Part III (Figure 3), accessible by a small tunnel from part II, has the most evidence of archaeological use. Originally discovered and mapped by French explorer Daniel Dreux, this part of the cave had at least 3 whole vessels including an elaborate incensario. However, only one vessel appearing in his map was still present at the time of our investigations, one that was immovable because of the intricate series of fractures that formed when the pot was "killed." The pot is part of a definable "moment" in time-it and associated artifacts tell a story. This Late Classic vessel was brought deep into the cave, placed on a natural three stone hearth of three small stalagmites on a ledge approximately 1.3 meters tall. It contains burnt organic residue and has evidence of a fire below. A clue to the nature of the organics is found dropped on the floor below-a small obsidian blade. After the ritual was conducted, a small stone was thrown into the pot, effectively "killing" it and terminating the ritual. Future residue analysis of both the blade and the organics within the vessel will determine the ritual's exact nature, but it is likely that it was an act of bloodletting. Fortunately, the act of "killing" the pot resulted in a latticework of cracks in the vessel itself, which discouraged looters from taking it. Several other vessels, mostly incensarios, were present on the original map of the cave but were not present during these investigations.
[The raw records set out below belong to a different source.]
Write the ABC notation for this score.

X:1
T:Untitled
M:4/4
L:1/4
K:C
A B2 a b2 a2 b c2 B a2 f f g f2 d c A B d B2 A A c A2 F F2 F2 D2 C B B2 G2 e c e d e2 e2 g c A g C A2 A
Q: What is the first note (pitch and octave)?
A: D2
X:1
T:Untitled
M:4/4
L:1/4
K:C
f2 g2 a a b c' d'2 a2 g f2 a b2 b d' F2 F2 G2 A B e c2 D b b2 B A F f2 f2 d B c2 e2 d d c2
The passage is still very much alive and dripping, and has several large stalagmites over 4 meters tall. Under the breakdown associated with these stalagmites, we found peccary bones painted in Maya blue. Interestingly enough, users of the modern Altar III several meters away left behind pig bones. Several other areas of modern and ancient use were scattered throughout this section, as were tied pieces of plastic from another cave survey. Towards the back of part III, a precarious climb leads to a small series of passages of paintings, including negative handprints, and a ½ olla placed under a dripping formation presumably to collect suhuy ha'. It presently has two formations growing out of it. A recently- broken pot was found underneath the ledge in front of these passages which had been stacked by some modern visitor.
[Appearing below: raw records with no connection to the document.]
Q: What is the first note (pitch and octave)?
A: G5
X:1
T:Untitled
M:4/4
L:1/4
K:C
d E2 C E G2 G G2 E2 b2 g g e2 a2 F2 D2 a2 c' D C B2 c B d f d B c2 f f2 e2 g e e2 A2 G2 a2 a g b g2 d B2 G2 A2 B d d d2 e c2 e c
Part IV of the cave (Figure 4), accessible from Part II by a long, short passage, also has a modern use altar, Altar IV, a small table with evidence of candles and burning. A side passage beyond it, a low passage bounding a long, shallow puddle, has soot from candles and, finger painted on the wall with clay from the floor, the words "Dios te ama." The most interesting part of this passage (the so-called Chupanalgas Chamber) is behind Altar IV and beyond a small crawl-through. In an area otherwise devoid of evidence of human activity, the walls are covered with charcoal drawings (Table 1 at end of document), which seem to be roughly marking a ritual path, serving almost as surveying data-often forming a visual string, the next painting visible from the previous. At times, several potential ways to maneuver through the passages are possible, at which point more drawings are present. The drawings are divided into six different types: entopic, which mostly consist of abstract sketches and simple shapes induced by trance states; anthropomorphic, which are limited to faces and silhouettes; negative handprints (three paintings in total, one right hand and two using both the left and right hands to create a silhouette of a bird's neck and head); zoomorphic, (a winged snake, a possible bat, and a possible deer); "signs"-delineating the ritual path and showing the "penitent" the way-horizontal stripes indicate that the path continues above or below the viewer, while vertical lines mean that the path hooks a left or a right; and potential glyphs, limited to the last painting in the series, a painting on a curtain ledge above the path floor which appears to be a cartouche with a bar and dot number associated with it, potentially reading 8 Ahau. We followed the path past this painting with rope and rappelled into the passages on the other side of the formation, but there was no evidence of previous visitors to this part of the cave.


Discussion

Juliq' is significant for several reasons. 1) It greatly expands the known corpus of Maya rock art and appears to demonstrate one of the few known examples of ritual pathways in the ancient Maya world. 2) The whole vessel and associated obsidian blade allow archaeologists to glimpse a specific "moment in time," which is rare in the archaeological record, and the preponderance of both ancient and modern cave use provide significant parallels and contrasts. 3) Work in Juliq' allowed for a high degree of collaboration between the indigenous people and archaeologists. VUPACS research there allowed the preservation, protection, and recording of archaeological remains before opening the caves to the project. The team of archaeologists helped to train local guides in responsible cave tourism management, delineated the tourist trail through the cave, and gave them an expanded knowledge of ancient Maya society and ideology. At the same time, however, the archaeologists were able to learn about the continuities between ancient and modern Maya ritual patterns. Juliq' not only has a large contemporary ritual component but work was a collaboration between the archaeologists and the indigenous Q'eqchi' , so our understanding of ancient and modern activity was strengthened through their participation.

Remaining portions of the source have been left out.